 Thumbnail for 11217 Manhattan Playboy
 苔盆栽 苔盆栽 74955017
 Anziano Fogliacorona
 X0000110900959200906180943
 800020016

____

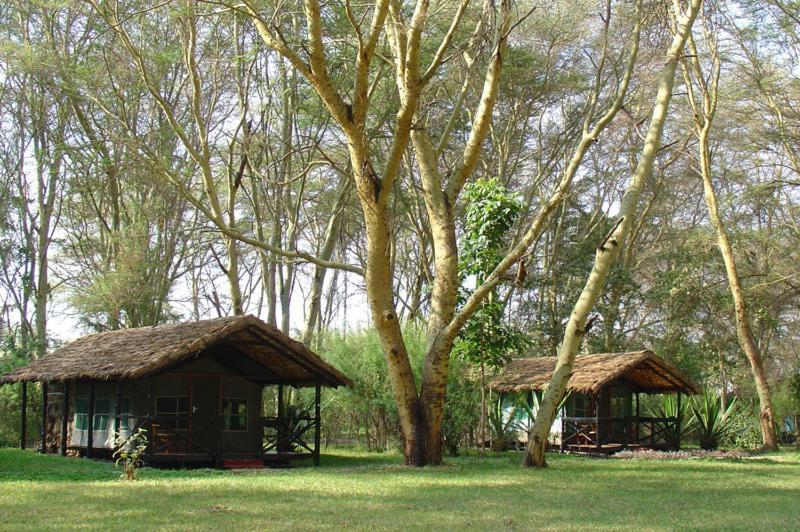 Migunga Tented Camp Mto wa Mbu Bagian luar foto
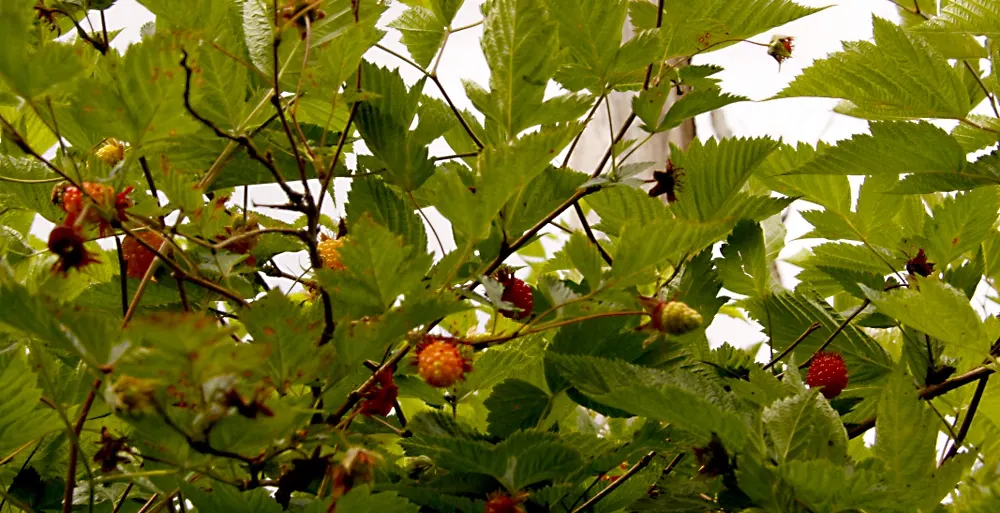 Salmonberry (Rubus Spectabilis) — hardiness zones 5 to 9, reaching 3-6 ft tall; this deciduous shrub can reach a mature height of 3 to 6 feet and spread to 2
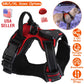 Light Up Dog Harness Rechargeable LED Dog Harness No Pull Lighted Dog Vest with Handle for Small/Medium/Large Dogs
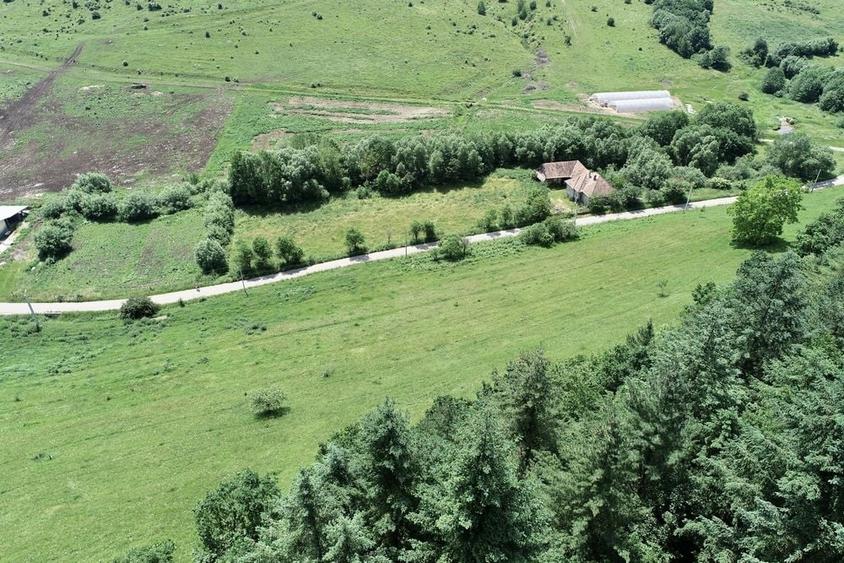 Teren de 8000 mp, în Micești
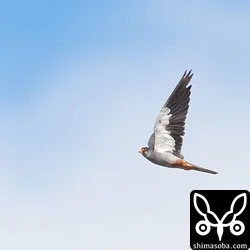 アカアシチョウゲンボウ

____

● **Exercise prompt**: From the records above, output only the lines starting at the one containing "Light Up Dog" and ending at the one containing "アカアシチョウゲンボウ", word for word. Pictures stay out.

● **Task solution**:
 Light Up Dog Harness Rechargeable LED Dog Harness No Pull Lighted Dog Vest with Handle for Small/Medium/Large Dogs
 Teren de 8000 mp, în Micești
 アカアシチョウゲンボウ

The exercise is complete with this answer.